= EXERCISE GOAL =
Exclude the pictures; give every entry again exactly as written.

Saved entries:
[Start of section]

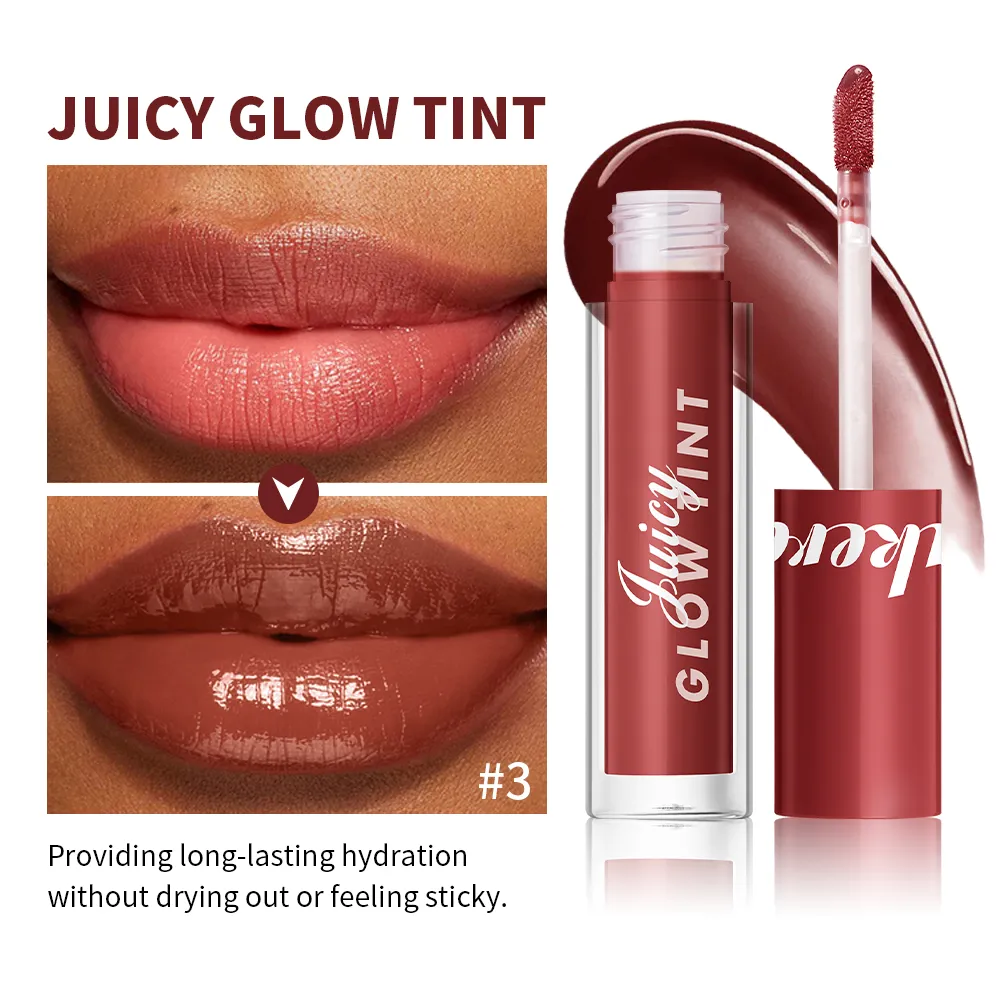 Juicy Glow Lip Tint Mirror Shine Lip Gloss Deep Hydrating Long-Lasting Dewy Moisturizing Non-Sticky High Shine Tinted Lip Makeup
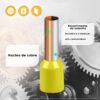 Terminal Tubular 25mm Amarelo Ilhós Simples Pré-Isolado Conexão Elétrica
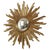 Very rare sunburst mirror gilded with gold leaf, with convex mirror glass, crafted from glass, wood pulp, and resin, by...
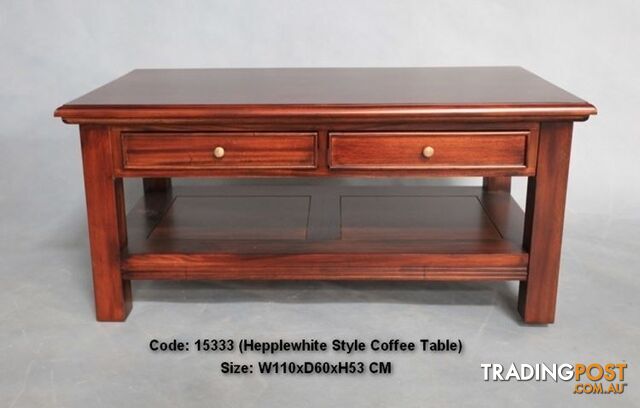 Solid Mahogany Coffee Table 2 Drawers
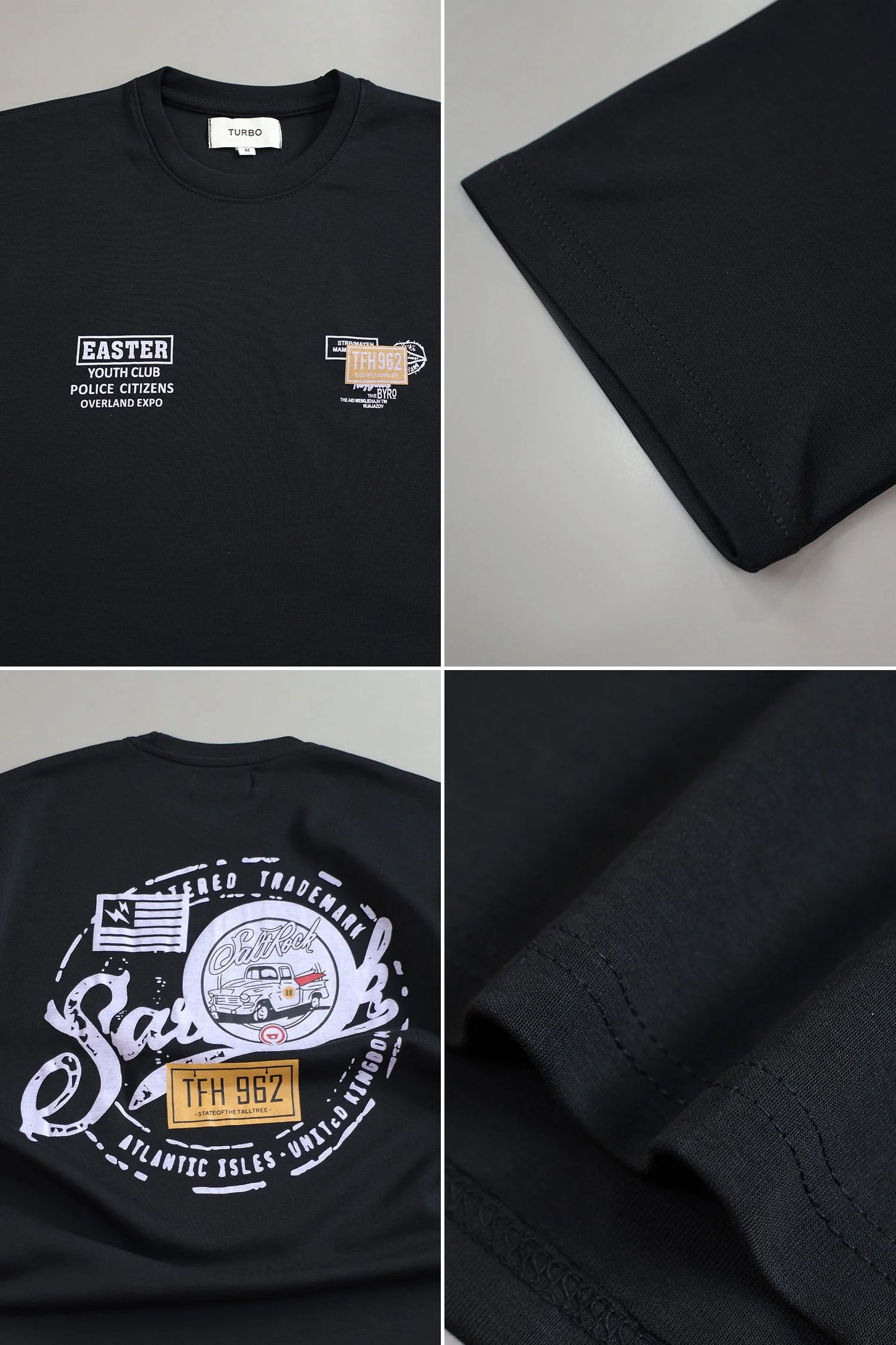 Oversized Black Urban Streetwear Graphic Cotton T-Shirt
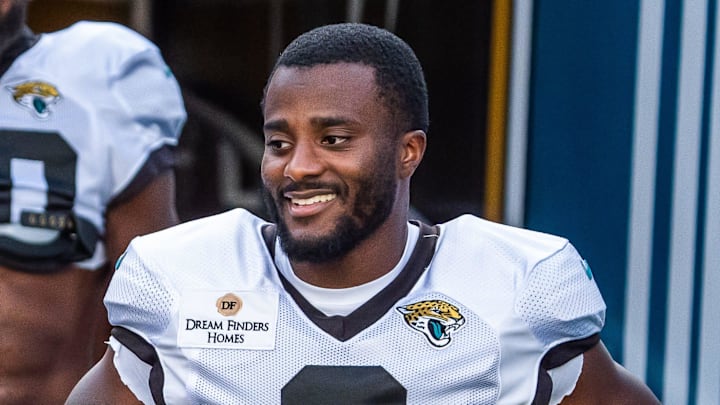 Jacksonville Jaguars cornerback Jourdan Lewis (2) walkout of the tunnel during Helmet Walk before an NFL scrimmage at EverBank Stadium Friday August 1, 2025, in Jacksonville, Fla. [Doug Engle/Florida Times-Union]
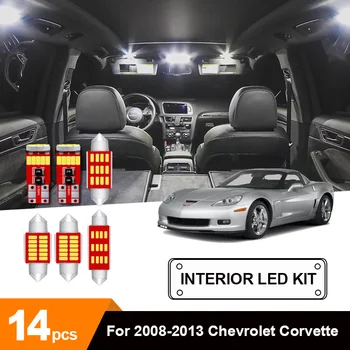 

White Canbus Error Free Car Bulbs LED Interior Light Kit For 2008-2013 Chevy Corvette Reading Ceiling Cargo License Lamp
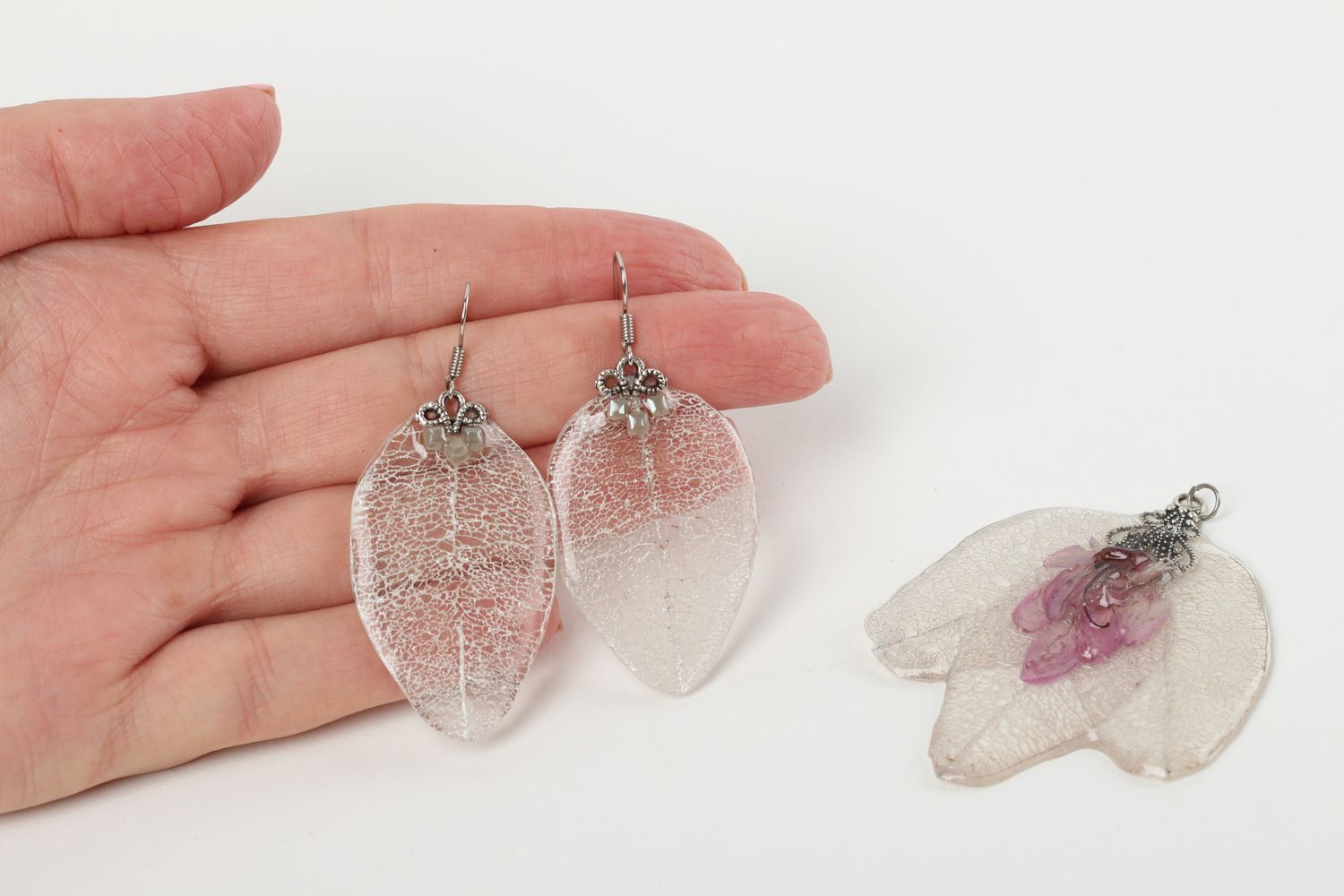 Handmade pendant handmade earrings with charms designer jewelry unusual gift photo 5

[End of section]

= SOLVED EXERCISE =
 Juicy Glow Lip Tint Mirror Shine Lip Gloss Deep Hydrating Long-Lasting Dewy Moisturizing Non-Sticky High Shine Tinted Lip Makeup
 Terminal Tubular 25mm Amarelo Ilhós Simples Pré-Isolado Conexão Elétrica
 Very rare sunburst mirror gilded with gold leaf, with convex mirror glass, crafted from glass, wood pulp, and resin, by...
 Solid Mahogany Coffee Table 2 Drawers
 Oversized Black Urban Streetwear Graphic Cotton T-Shirt
 Jacksonville Jaguars cornerback Jourdan Lewis (2) walkout of the tunnel during Helmet Walk before an NFL scrimmage at EverBank Stadium Friday August 1, 2025, in Jacksonville, Fla. [Doug Engle/Florida Times-Union]

White Canbus Error Free Car Bulbs LED Interior Light Kit For 2008-2013 Chevy Corvette Reading Ceiling Cargo License Lamp
 Handmade pendant handmade earrings with charms designer jewelry unusual gift photo 5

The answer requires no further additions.